Phelan responds to councillors' concerns over planning circular

Minister of State, John Paul Phelan, told the elected members of Mayo County Council this week: "This is the law of the land and you have been breaching it for years," in response to a spate of complaints from elected members of the local authority to a circular issued by the Department of Housing, Planning and Local Government, calling on members not to discuss planning applications at public meetings.

Minister Phelan was at the April meeting of the council to give the members a presentation on the plans his Department has in relation to reforming local government in the country, but he also took questions on a wide ranging number of topics from the members.

The issue at hand is that councillors in Mayo have discussed planning applications at local meetings in the county, but this is not the practice in other local authorities and the letter from Minister Eoghan Murphy's Department has called on this practice to stop.

Minister Phelan said: "In some parts of the country there is no discussion of individual planning files, while in others like Mayo there is a discussion of files. I would have a great problem with individuals' applications being discussed in public at a council meeting — the laws haven't been changed, it is just that a clarification has been issued.

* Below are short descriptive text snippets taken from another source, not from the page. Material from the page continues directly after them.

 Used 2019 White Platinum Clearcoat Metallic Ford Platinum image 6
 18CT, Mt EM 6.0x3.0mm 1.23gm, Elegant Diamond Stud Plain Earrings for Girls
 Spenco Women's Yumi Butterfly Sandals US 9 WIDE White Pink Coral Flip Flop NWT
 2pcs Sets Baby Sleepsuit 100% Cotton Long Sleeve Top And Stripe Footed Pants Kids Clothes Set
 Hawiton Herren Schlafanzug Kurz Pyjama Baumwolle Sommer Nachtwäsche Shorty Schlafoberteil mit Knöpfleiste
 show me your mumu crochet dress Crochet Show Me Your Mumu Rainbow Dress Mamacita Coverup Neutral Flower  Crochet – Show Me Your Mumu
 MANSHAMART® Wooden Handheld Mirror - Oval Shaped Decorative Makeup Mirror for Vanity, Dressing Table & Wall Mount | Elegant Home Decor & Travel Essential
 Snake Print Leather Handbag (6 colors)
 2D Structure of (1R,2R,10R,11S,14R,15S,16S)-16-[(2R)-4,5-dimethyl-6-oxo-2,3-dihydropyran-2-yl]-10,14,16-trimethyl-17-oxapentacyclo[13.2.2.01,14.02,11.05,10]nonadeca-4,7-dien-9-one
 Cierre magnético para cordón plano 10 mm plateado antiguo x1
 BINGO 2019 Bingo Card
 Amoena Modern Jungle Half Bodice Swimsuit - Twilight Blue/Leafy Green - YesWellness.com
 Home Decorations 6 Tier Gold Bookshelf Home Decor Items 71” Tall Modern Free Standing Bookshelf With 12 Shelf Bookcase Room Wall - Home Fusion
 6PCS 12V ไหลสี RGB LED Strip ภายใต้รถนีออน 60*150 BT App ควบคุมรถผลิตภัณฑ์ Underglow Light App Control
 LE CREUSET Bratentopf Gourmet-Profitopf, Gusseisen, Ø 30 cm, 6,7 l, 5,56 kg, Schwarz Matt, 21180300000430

The chief executive of Mayo County Council, Peter Hynes, said he agreed with the interpretation of the law as stated in the circular, he added that there was still an opportunity for councillors to make representations on planning applications by engaging with the council's planning staff, but just not discussing them at public meetings.

A large number of the councillors at the meeting this week and in Municipal District meetings in recent weeks have been highly critical of the circular from the Department, with a number of them saying it was another blow to local democracy.